"No have got lil' gal's play bear. Nobody here have got. You look in all Indian houses and see for yourself."

"No. I'll take your word for it," said Mr. Brown. "I believe the Teddy bear is not here. It must have been taken by some one else. I will look farther."

But Eagle Feather insisted on some of the head men's huts being searched, and this was done. But no doll was found.

"Oh, dear! Where can Sallie Malinda be?" half sobbed Sue.

"Never mind," said her father. "If you can't find your bear, and Bunny's cars are still gone, in two weeks I'll get you new ones. But I think they will come back as mysteriously as they went away. Now, we must go home."

"But I thought you were going to look in the cabin of the hermit," said Bunny.

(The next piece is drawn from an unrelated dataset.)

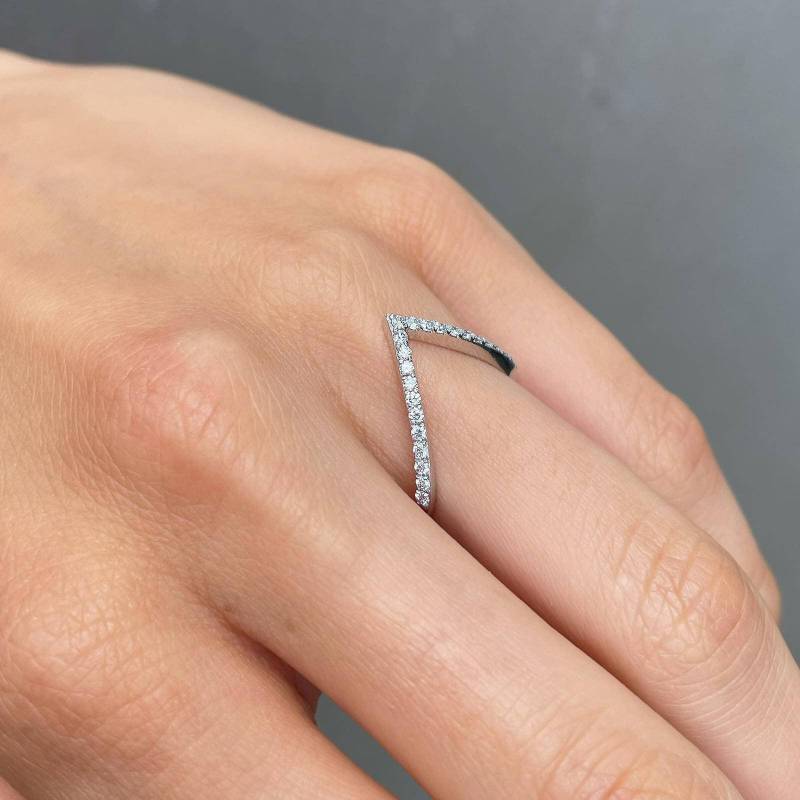 Chevron Diamant Ring, Ehering, Alternativer V Stapel Diamant Ringe von DiamondHouseUS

"We'll have to do that after dinner," answered Daddy Brown. But when dinner was half over there came a telegram for Mr. Brown telling him he was needed back at his business office at once, as something had gone wrong about the fish catch.

"Well, I'll have to go now," said the children's father; "but I'll help you look for the Teddy doll and the train of cars when I come back," he said.

It was a little sad in Camp Rest-a-While when Mr. Brown had gone, but Mother Brown let the children play store, with real things to eat and to sell, and they were soon happy again. Finally Sue said:

"Bunny, do you know where that hermit's hut is—the one where you got the milk the time the dog drank it?"